This assignment will consist of implementing your schema in MariaDB and populating the database. You can use your MariaDB account (see professor for your password) for all aspects of this assignment.
- Write an SQL database schema for your application, using
the CREATE TABLE
commands described in class. If you make any
minor changes to the relational schema from Part 4, please tell me the
rationale for your changes. (Minor changes would be those described in the list
below. A significant change - not allowed without prior approval -- is
deleting a field or table.)
- Pick suitable datatypes for each attribute. Consult the MariaDB documentation to determine the principal options that are available for types (your class notes may or may not cover the ones that you require and your class notes may or may not contain the right declaration).

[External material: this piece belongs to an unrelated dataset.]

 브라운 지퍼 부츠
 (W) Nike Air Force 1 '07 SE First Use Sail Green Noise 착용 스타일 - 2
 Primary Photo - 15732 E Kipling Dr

- Do not forget to specify at least one key for each relation (using the PRIMARY KEY construct).
- Specify other choices for keys (candidate keys) via the UNIQUE construct.

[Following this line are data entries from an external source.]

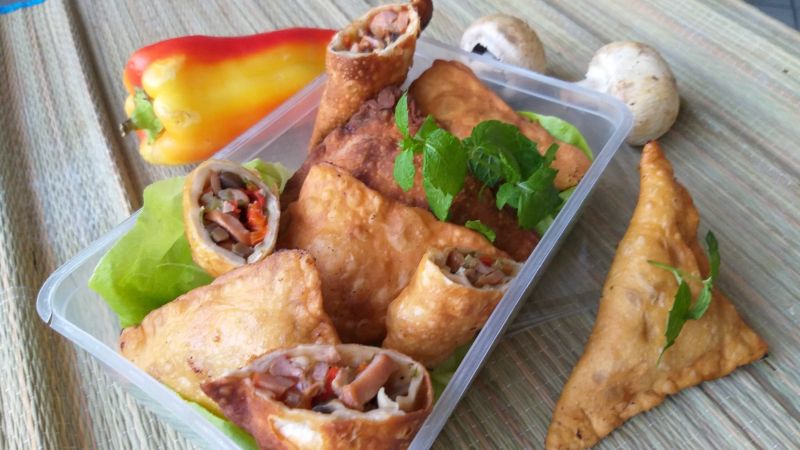 Rożki z warzywami i kiełbasą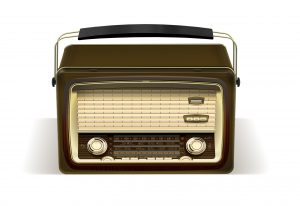 Radio em lata de Metal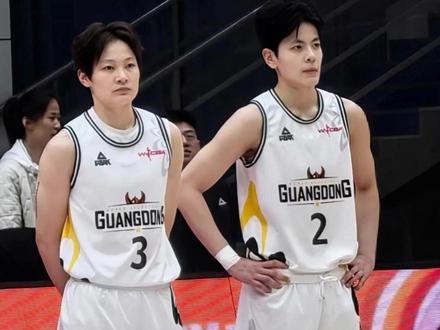 姐姐是世界上除了妈妈以外最爱小羊的人!!(谢谢姐妹的授权,素材取材于@芥末炸鸡柳🥨 )#杨力维 #杨舒予 #杨力维杨舒予姐妹 #姐妹 #篮球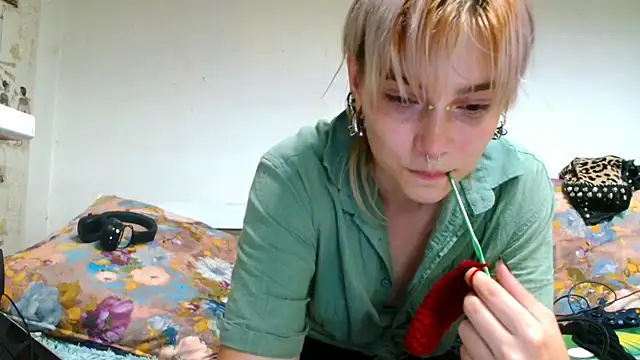 Snapshot of Sophie_Bell chatting on June 25, 2026, 7:51 pm Sophie Bell online show from June 25, 2026, 7:51 pm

- If some attribute should not be NULL, use NOT NULL to specify this aspect.
- Also provide DEFAULT values wherever applicable.
- Indicate any foreign key (referential integrity) constraints that
are expected to hold for that relation. Include the declaration of foreign key
constraints for any appropriate relations.
- (Note: phpMyAdmin requires specification of attribute / field names in destination of foreign key references. phpMyAdmin will produce error messages if you use the simplified convention in the book of simply specifying "references tablename" when you mean "references tablename(primary key field names)").
- Also mention any domain specific constraints that you might require of your attributes, using the CHECK construct. (Note that these may be constraints you had no way of specifying in your ER diagram!)
- Load your table definitions into the database.
Now, execute some sample INSERT, DELETE and UPDATE commands on every one of your relations. Convince yourself that things are working fine. Required: report any interesting observations that you make. (Simple observations are fine, like "I learned not to UPDATE a tuple I had not yet INSERTed.")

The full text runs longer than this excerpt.